Belki bunun nedeni Konya ve Bursa’yı gerçekte de seviyor olmamdır. Örneğin
İstanbul ve Ankara’yı sevmediğim için okurken de sevmedim. Neyse, “Bursa’da
Zaman” bölümü cidden çok iyiydi. Akla Tanpınar’ın aynı isimli şiirini
getiriyor.
“Bursa'da bir eski
cami avlusu,
Küçük şadırvanda
şakırdıyan su;
Orhan zamanından
kalma bir duvar...
Onunla bir yaşta
ihtiyar çınar
Eliyor dört yana
sakin bir günü.
Bir rüyadan arta
kalmanın hüznü
İçinde gülüyor bana
derinden.
Yüzlerce çeşmenin
serinliğinden
Ovanın yeşili göğün
mavisi
Ve mimarîlerin en
ilâhisi.”
Semaver
Öykü konusundaki idollerimden Sait Faik’in ilk hikâye
kitabıyla tanıştırayım sizi. İlk kez 12 yaşımda bir ders kitabında okuduğum
Abasıyanık’ı öyle çok beğenmiştim ki… Neden bilmiyorum, gidip bir kitabını
okuyayım diye düşünmedim hiç. Onun yerine seçme hikayelerden, internetten falan
okudum. Bizim sell kütüphanede bulunca bende okudum. “Son Kuşlar” ve “Mahalle
Kahvesi” de bana raftan bakıyor. Ah ah sırada ne çok kitap var…
1936’da babasının yardımıyla basmışlar kitabı. Üç ana
bölüme ayrılmış kitabın ilk bölümünde İzmir ve çevresinde geçenler, ikinci
kısmında İstanbul’dakiler ve üçüncü kısımda da Fransa’da geçirdiği zaman hakkında
hikayeler mevcut. Açıkçası bir kez daha hayran kaldım. İçinde bazı hikayeleri
zaten biliyordum ama en azından ilk hikaye kitabı bu kadar iyi olmamalıydı.

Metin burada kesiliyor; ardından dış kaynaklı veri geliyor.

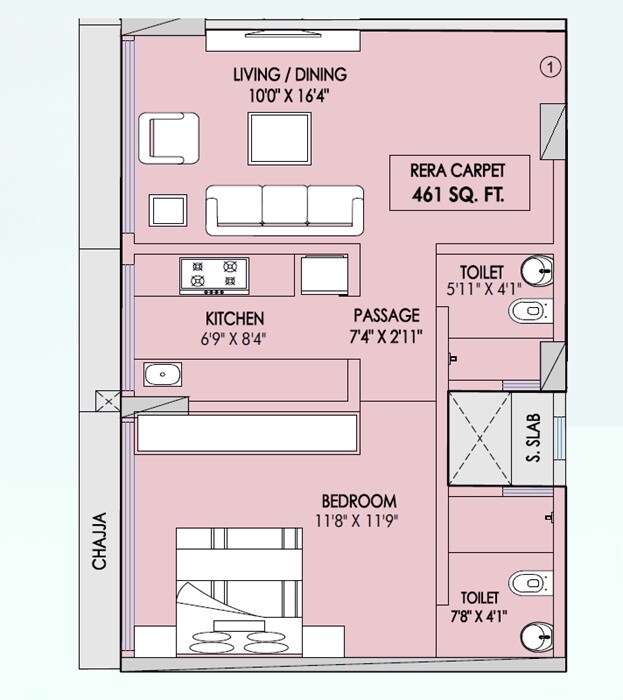 Floor plan of 1 BHK 460 Sq. Ft. Apartment in Mahant Sahyadree, Mumbai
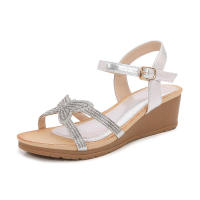 Sandalia 2025 Nuevas sandalias de moda con diamantes de agua Zapatos de mujer con tacón inclinado y parte inferior gruesa - details 2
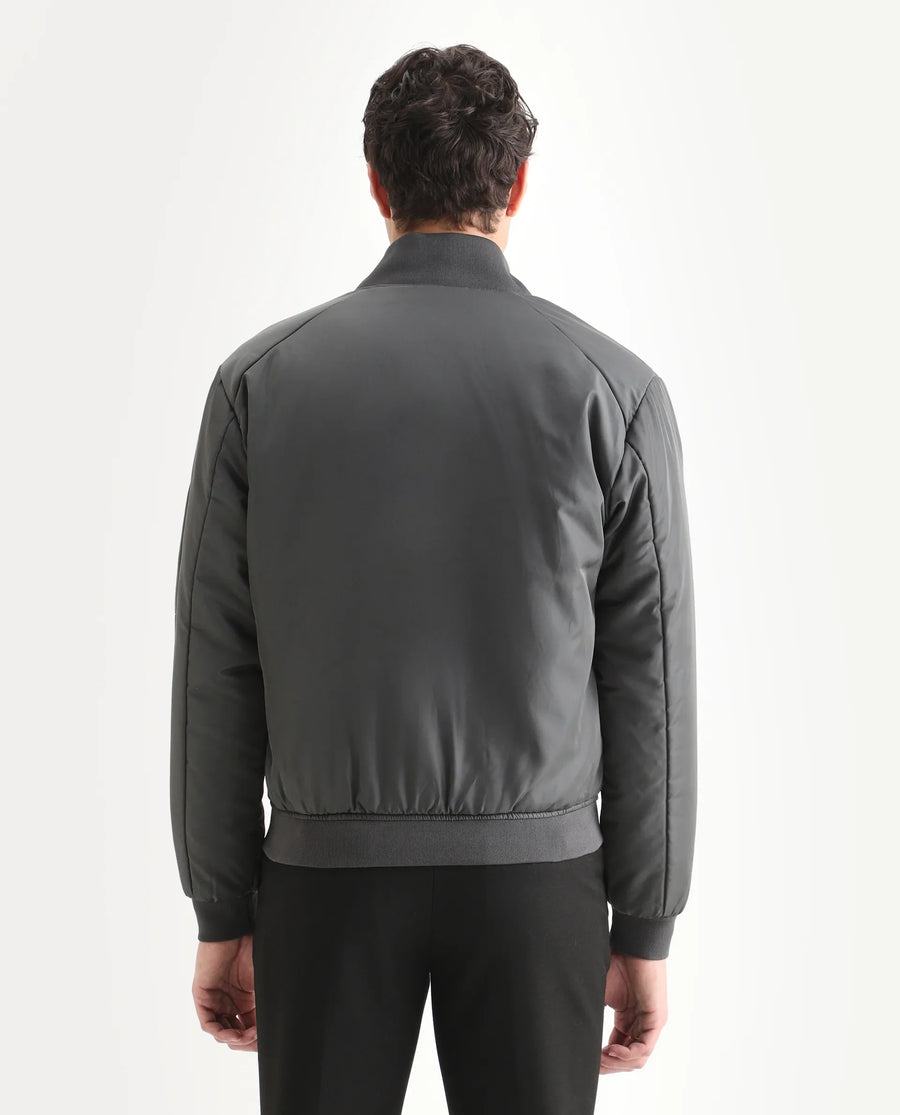 Rare Rabbit Men's Quoto Dark Grey Polyester Plain Regular Fit Full Sleeve Ribbed Collar Jacket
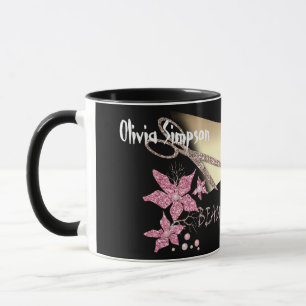 Kapsalon Glitter Glanzende Schaar Bloemen Schoonhe Mok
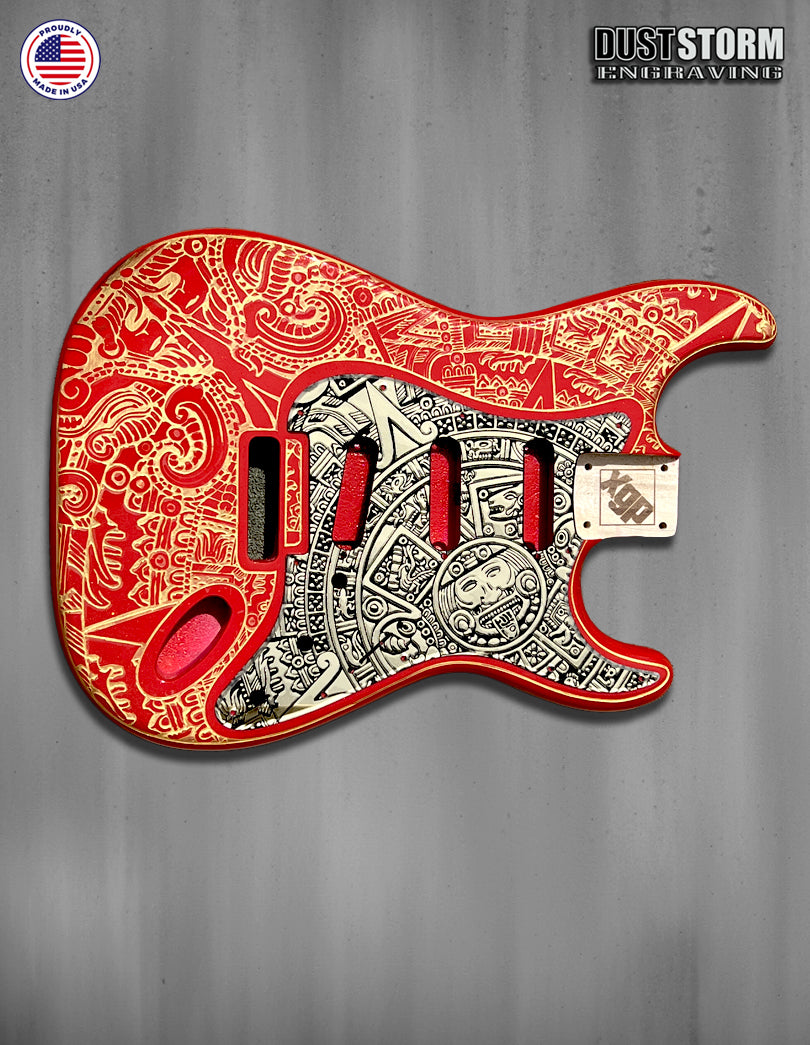 Mayan Calendar Engraved Fender Strat Style Guitar Body Sparkle Red with Pickguard and Tremolo Cover Gold and Black Acrylic Mirror HSH, HSS, SSS Setups Available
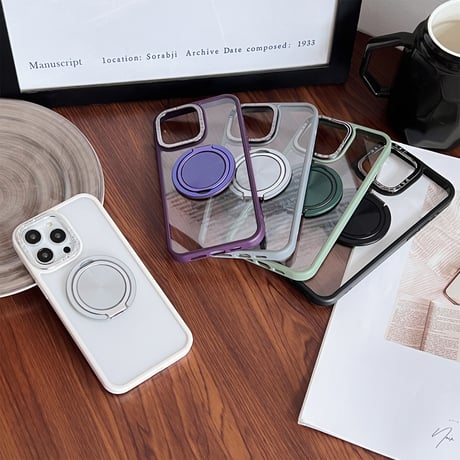リングスタンド付 iPhone15Pro/15ProMaxケース シンプル 黄ばまないiphone14/13/12promaxカバー 頑丈[M4144]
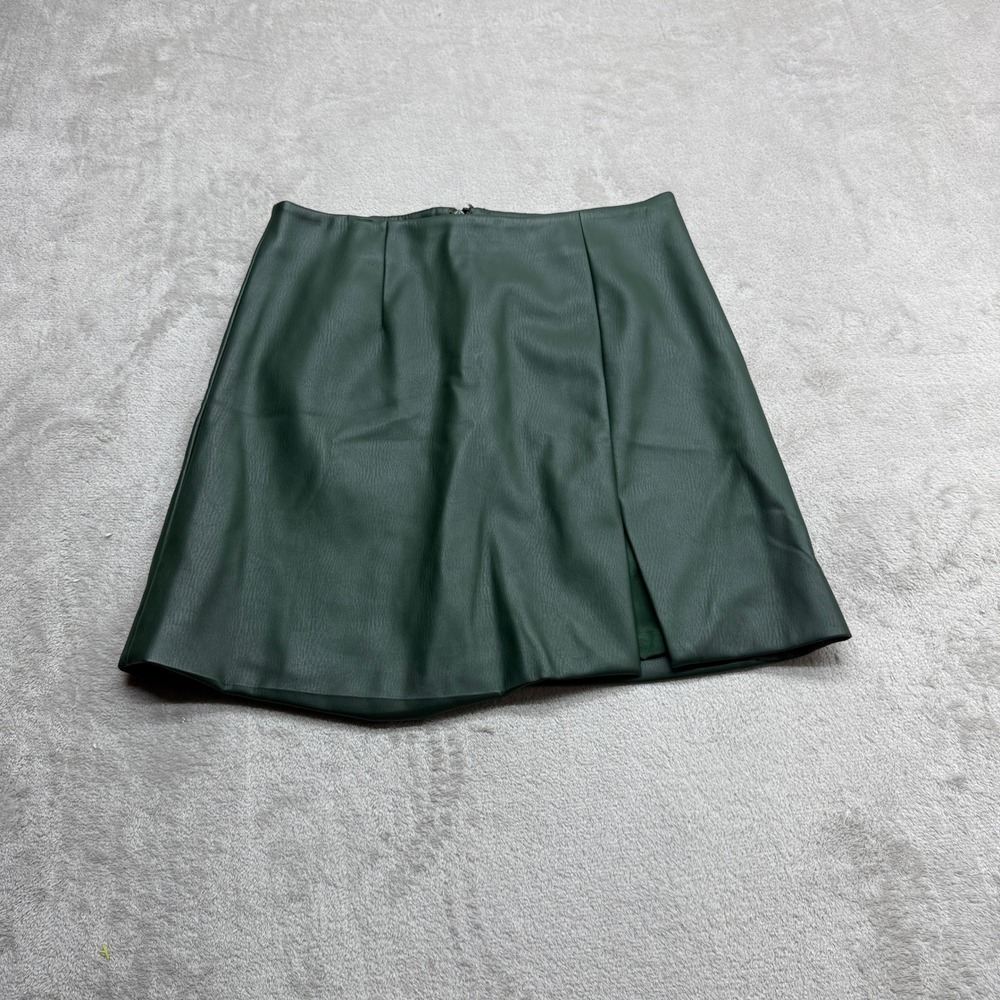 Anthropologie‎ Maeve Faux Leather Mini Skirt Womens 2 Green Front Slit Edgy Chic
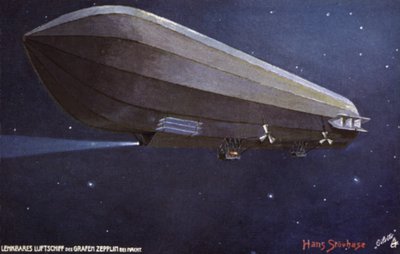 Dirigible Zeppelin volando de noche de German School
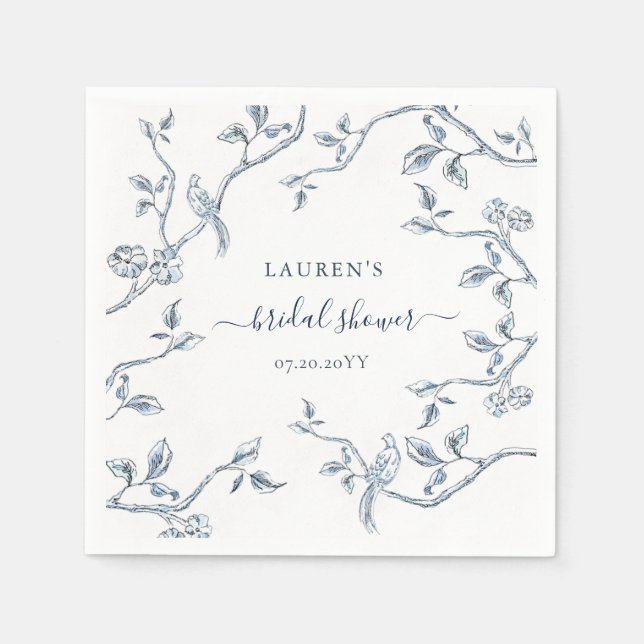 Servilleta De Papel Azulejos azul y blanco francés Ducha de novias (Anverso)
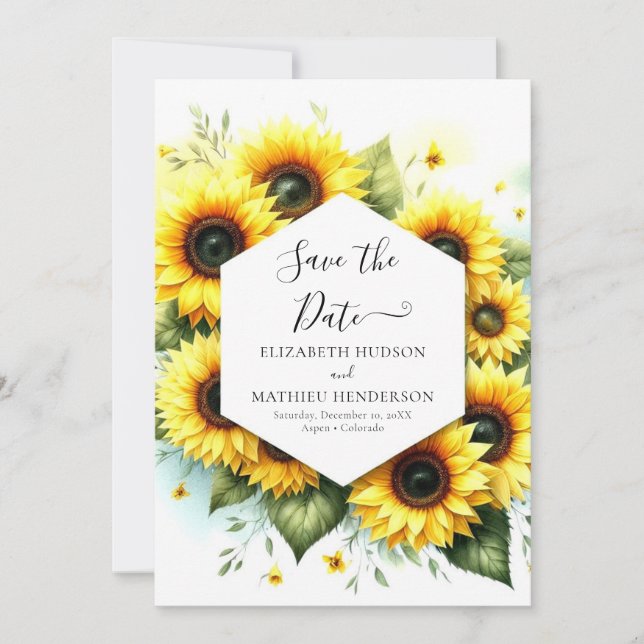 Save The Date Whimsical Romance Mariage de tournesol (Devant)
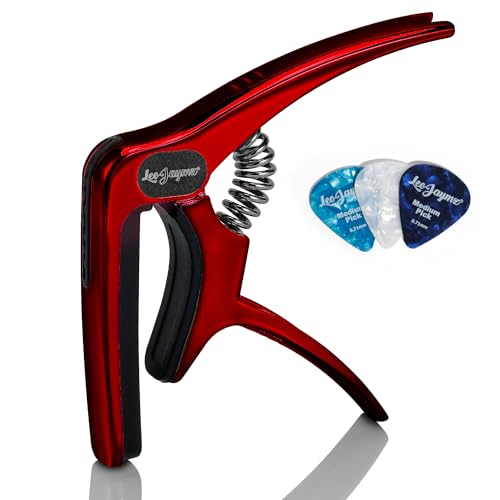 Leo Jaymz Heavy Duty Guitar Capo for Acoustic/Electric Guitars, Guitar Clip made of Zinc Alloy Metal, Guitar Clamp for Bass Classical Guitar, Ukulele, Mandolin,Banjo (Shadow Red) - Image 1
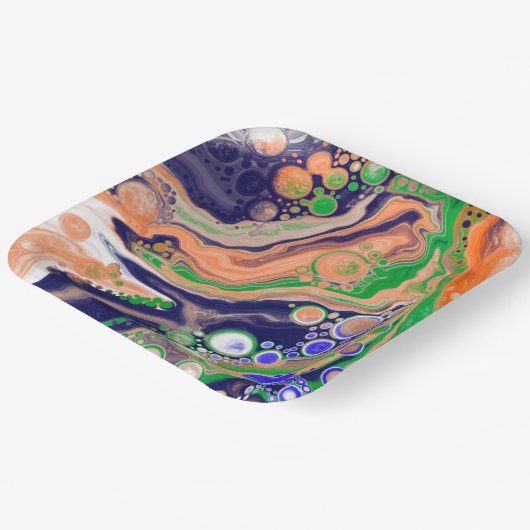 Blauw, koraal en groen gekleurd gekleurd en vloeib papieren bordje (Gebogen)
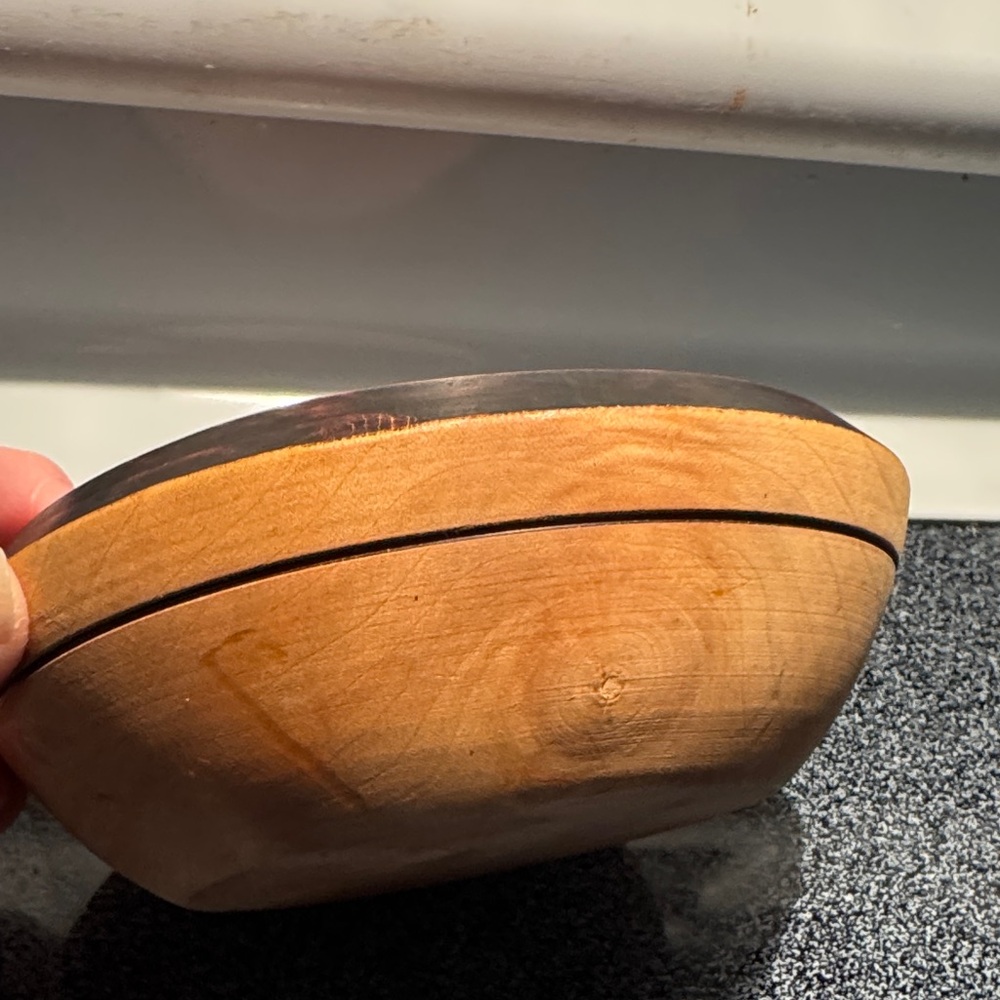 Handcrafted Wooden Bowl with Dark Rim - Picture 2 of 10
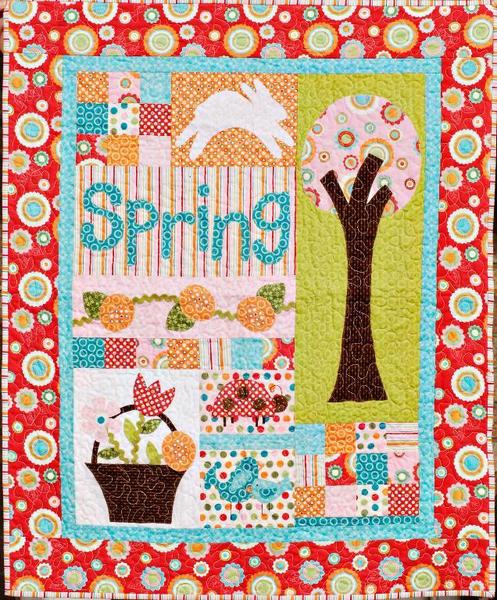 Colorful Quilted Wall Hanging for Spring - pattern on Bluprint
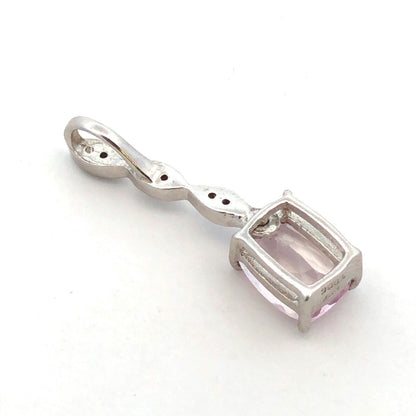 Designer TGGC 925 Sterling Silver Rectangle White Amethyst White Topaz Pendant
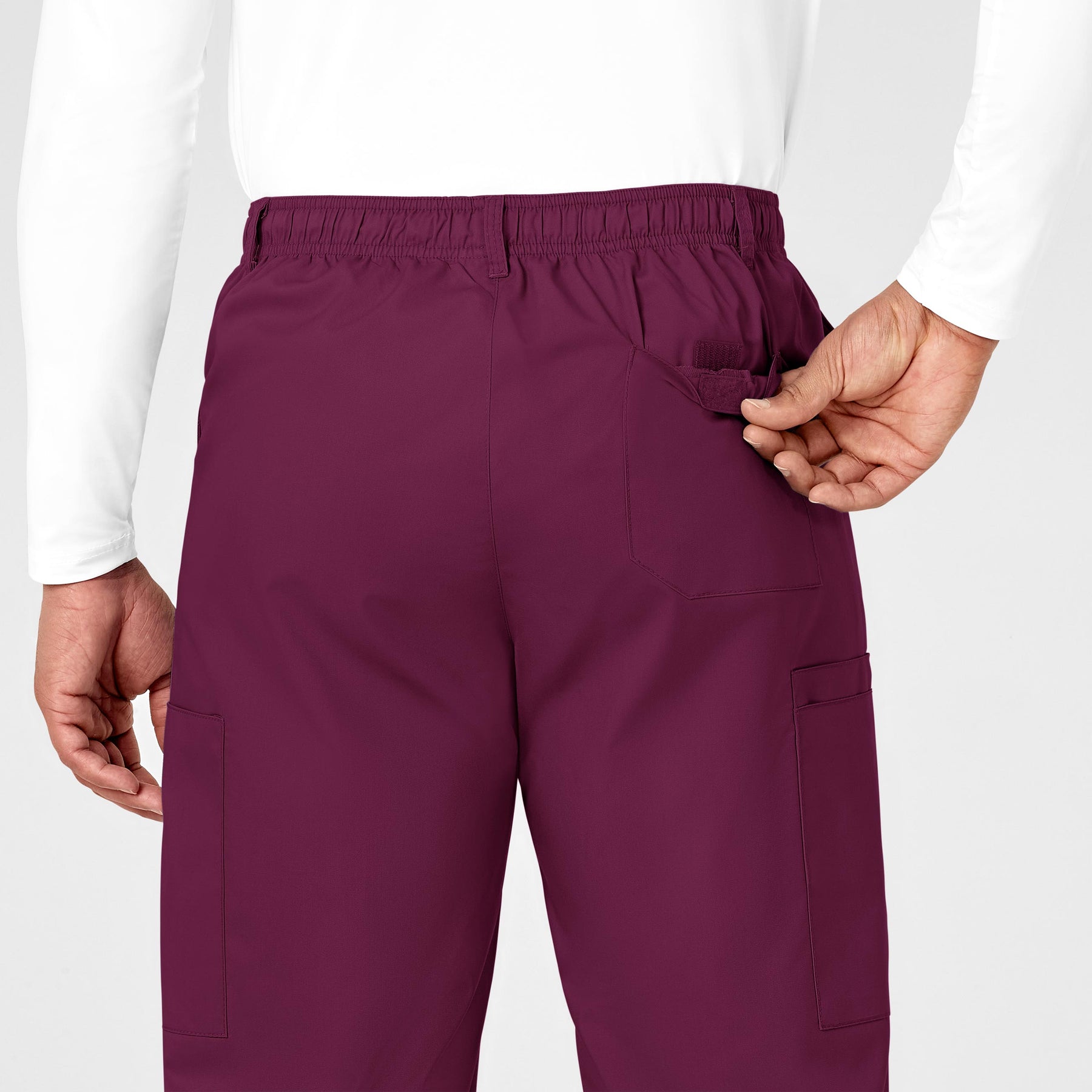 WonderWORK Men's Cargo Scrub Pant Wine back detail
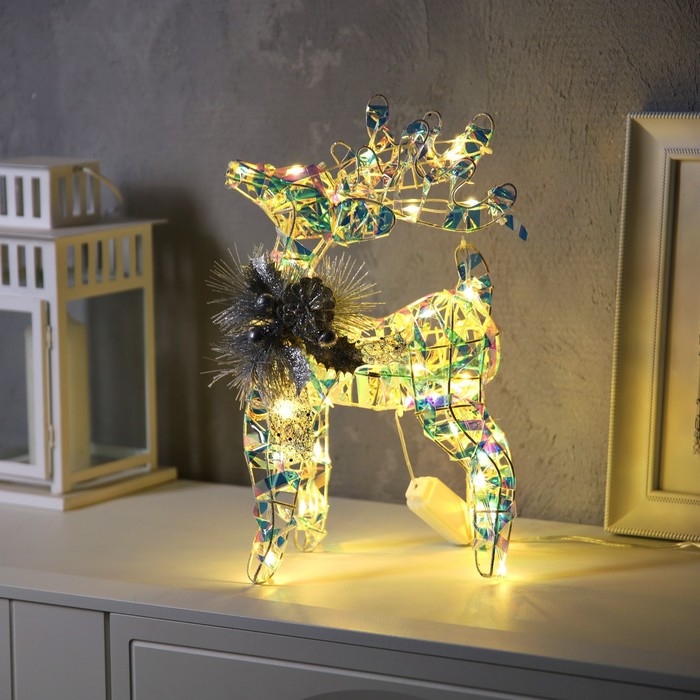Светодиодная фигура &laquo;Олень&raquo;, 21 &times; 32 &times; 14 см, текстиль, металл, 220 В, свечение тёплое белое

Yalnız bu konuda pek objektif değilim haberiniz olsun, sell sıkıcı bulmuştu.
Defterimde Kırk Suret
Daha önce Beşir Ayvazoğlu okumamış olduğum için büyük bir
pişmanlık sardı beni. Bu kitaba aşık oldum resmen. Kapağın renginden, puntosuna
kadar her şeyini çok sevdim. (Kapağın rengi tam olarak resimdeki gibi değil onu belirteyim.) Ayvazoğlu’nun üslubu, bakış açısı, her şeyi çok
iyi. Başka bir kitabı elime geçtiğinde almak için tereddüt etmem.
95-96 senelerinde Beşir Ayvazoğlu’nun yazdığı 5-6
sayfalık 40 mini biyografiden oluşan kitap üç bölüme ayrılmış. Turgut Özal’dan
Hilmi Yavuz’a, Necip Fazıl’dan Ahmet Kabaklı’ya, Necmeddin Okyay’dan Yavuz Bülent’e, Aydın
Menderes’ten Hüsrev Hatem’iye, Ayşe Şasa’ya, Ahmet Turan Alkan’a, Annemarie
Schimmel’e, Mustafa Kutlu’ya, İlhan Kesici’ye ve ismini zikredemediğim nice
güzel insana… Çok çok çok sevdim!
Ve bir ayı daha böylece geride bıraktık.